La montagne de détritus et les caisses vides de la Love Parade SaRL recouvrent une passe d’armes engagée autour de la fête en politique, plus précisément du festif et du plaisir dans l’expression publique de revendications politiques. Sollicités par diverses circonstances, les tribunaux administratifs et finalement le Tribunal constitutionnel décidèrent en effet de retirer à la Love Parade le label de « manifestation » (« Versammlung »), au profit du label d’événement commercial. Il échut donc à la Love Parade de prendre en charge elle-même tous les frais liés à sa tenue.
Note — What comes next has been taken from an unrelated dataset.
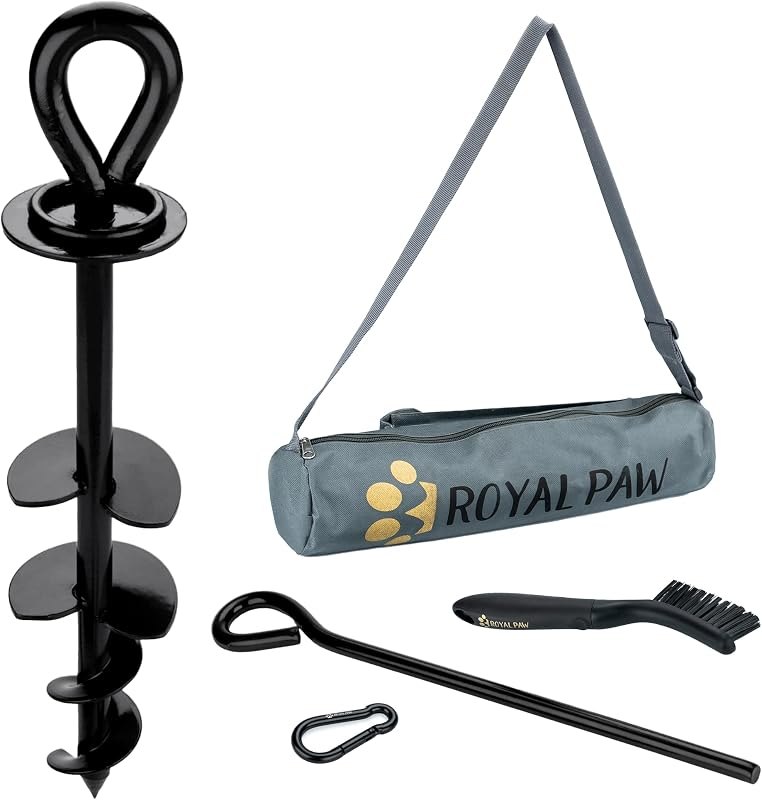 ROYAL-PAW Dog Tie Out Stake - for Large Dogs up to 210 lbs - Heavy Duty Dog Stake for Yard, Beach & Camping Outside -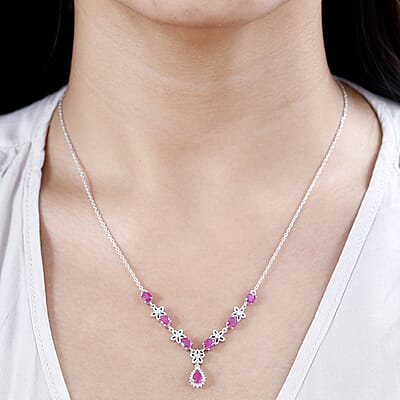 Premium Royal Ruby and White Zircon Floral Necklace 18-20 Inches in Platinum Over Sterling Silver 3.70 ctw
La première Love Parade s’est déroulée à Berlin Ouest, en 1989, le jour anniversaire de son initiateur, le DJ Dr. Motte. Celui-ci loua un camion, qui entraînait derrière lui environ 150 participants sur la plus riche et prestigieuse avenue de Berlin Ouest, le Ku’damm. L’événement fut déclaré à la préfecture comme une manifestation, sous la revendication « Paix, joie et gâteau aux œufs ». Du reste, cette année-là, on ne parlait pas de Love Parade, mais de « la manifestation pour la paix, la joie, et les gâteaux aux œufs ». Cette douce insolence, mâtinée de dandysme dans l’usage de l’espace public et de désacralisation du droit à la manifestation, ne brusquait pas les autorités de la ville. Ce Berlin des années 1980 ne présentait en effet pas seulement une autre topographie, d’autres frontières, que le Berlin réunifié des années 1990 ; l’économie politique de la ville était alors tout autre. Cette ville étrange, isolée au milieu d’un pays adverse, vidée de plus de la moitié de ses habitants, laissait à la disposition des résidents des espaces privés et publics immenses, dont profitaient avant tout ces jeunes Allemands de l’Ouest exonérés des obligations militaires et nourris des aides sociales lorsqu’ils acceptaient de s’installer à Berlin. On lit souvent cette première Love Parade comme la préhistoire de l’institutionnalisation de la techno en Europe (un an plus tôt, rappelons-le, s’était déroulé le premier « Summer of Love » à Londres). Du point de vue berlinois, il s’agit aussi de l’une de ces innombrables prises d’espace urbain par ces jeunes immigrés de RFA, qui ont rythmé la vie politique berlinoise à partir du milieu des années 1970.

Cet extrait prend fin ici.